Location, Location, Location
Adding spreadsheet data to a map and displaying house price index data
They say that the three most important things in real estate are location, location, location. I always trot that one out at the beginning of a semester and extend it to most everything we do at Lincoln, but in this post we’ll look at this in its natural habitat – house prices.
CoreLogic released their monthly House Price Index report on Thursday so I took this as an opportunity to see how easy it would be to grab their data and map it.
A quick Google search on “zealand house price index” took me to a download page for the report. Much to my surprise, what I eventually got was not a PDF report but an Excel spreadsheet, almost ready for mapping – huzzah!
Two sheets in this spreadsheet, one that breaks down the average current value of house prices, 12 month change (%) and 3 month change (%) by territorial local authority (TLA) up to February 2024:
And the second sheet strips away some of the nice formatting and leaves us just the facts, ma’am:
According to CoreLogic, “(b)y calculating the average property value in each area, comparisons can be made with previous periods.” My aim here is to be able to map these data to add the visual dimension and hopefully help us understand the data better. I’m a big fan of data but tables of numbers only get me so far.

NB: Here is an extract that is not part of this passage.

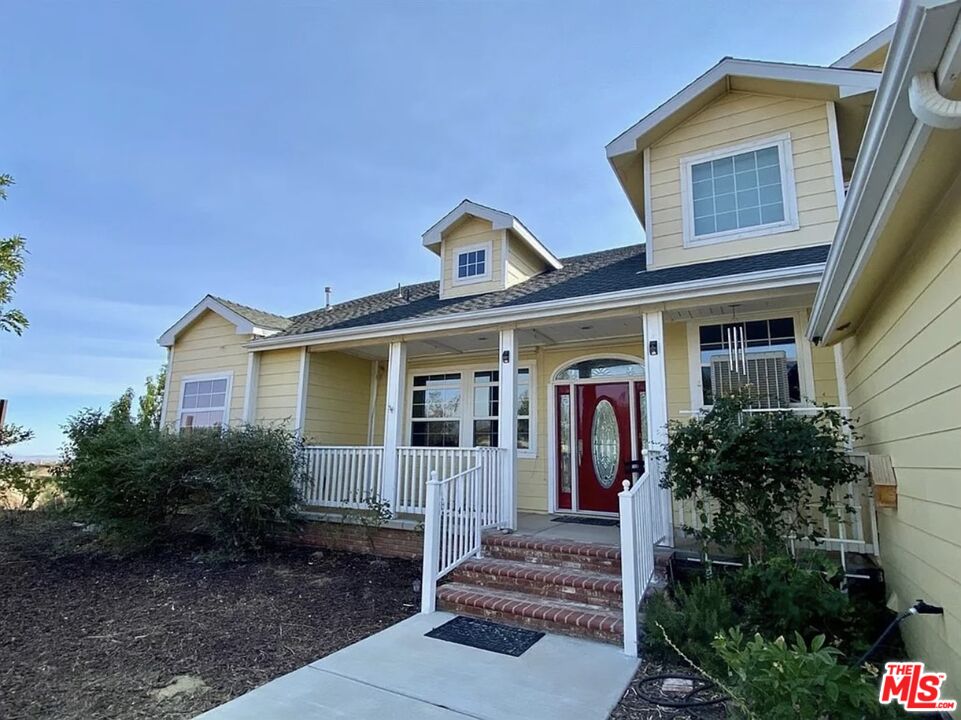 7173 Barker Road Oak Hills, CA 92344 - Photo 2 of 26 a front view of a house with plants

To map these values, I’m going to need some spatial data to attach them to. Since the CoreLogic data are based on the TLAs, I’m planning on using the most recent layer I can get my hands on – found here on the StatsNZ data portal (and there’s a copy in J:\Data\Administrative_Boundaries). Here it is on the map with the table open:
One thing that I can already see will need some attention is that the TLA names in this layer all have “District” or “City” at the end while the CoreLogic entries don’t – I’ll need to have a one-to-one match later for things to work.
I’m happier with this second Excel sheet as there’s less I need to do to it to get it ready for mapping as it’s got less formatting. The key thing when adding spreadsheets to Pro is that the first line is attribute names with no fancy-schmansy characters or spaces, no numbers to start an attribute name, and all data are arranged in columns, with a single line for each record. I still need to do a bit of work, specifically
- Give each column an attribute name
- Remove the region names (e.g. “CANTERBURY**”)

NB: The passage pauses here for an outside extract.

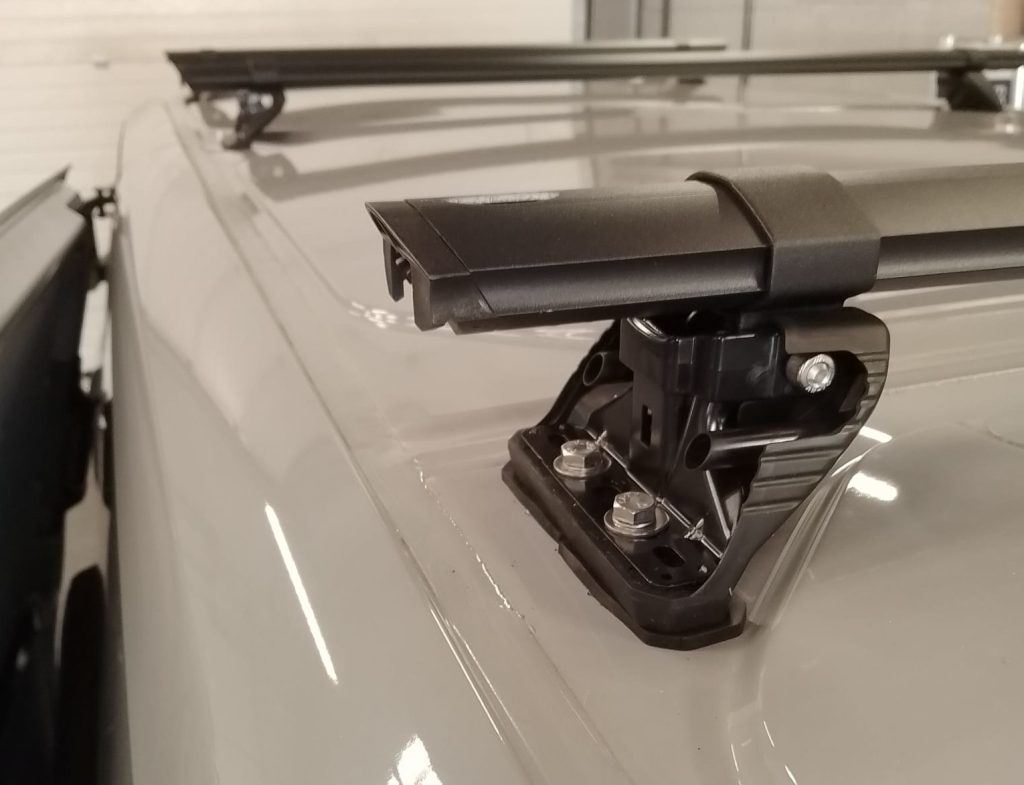 Bolting roof bars into place on Transit Custom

- Make sure the territorial names match what I’ve got in my spatial data layer
On closer inspection, I had a bit more work to do to get this ready. The main issue is that CoreLogic breaks some areas down finer than the TLA layer does. As an example, the Christchurch TLA shows the full extent of the city council area:
But CoreLogic breaks their data down into several smaller areas for the larger urban centres, e.g.:
I’ll need to think carefully at how to handle these. My best option would appear to be using, in this case, the Christchurch values of $758,452/1.6% for the whole of the CCC area (and others). That’s a painful extra step I wasn’t counting on. Since I’ll need one-to-one matches between the spreadsheet and the spatial layer, I had to add “District” or “City” onto each TLA value (“Auckland” has neither, they think they’re sooooo special).
So here’s my rejigged sheet:
To get the “District” added I used Concatenate in Excel:
With that all looking good, we’re back into Pro. I can now add this sheet (called “Rejigged Data”) directly to the map with Add Data – it appears at the bottom of the Contents as a standalone table, which I can open in Pro to double-check:
Now the power move of linking the table to the spatial data. We’re back once again in the realm of table joins, a really useful technique for mapping spreadsheet data. These work so long as there is a common key attribute between the two files that allows me to link them. In this case its the TLAName attribute in Rejigged Data and TA2023_V_1 in the spatial layer. The attribute names don’t need to be the same but the cell values need to be exact matches – hence all that work in adding “District” and changing some to match (Hawke’s Bay has an apostrophe in the layer but not in the spreadsheet, for another example). To join them, right-click on the layer you want to join the table to and choose Joins and Relates > Add Join:
In the ensuing window, link the two together with the common attributes:
When this gets run, the columns from the table get joined to the spatial records:
Now I can use these values for analysis and mapping. As a last step before that, this table join is temporary so to make it permanent, I’ll export this as a new layer (right-click layer name in Contents > Data > Export Features).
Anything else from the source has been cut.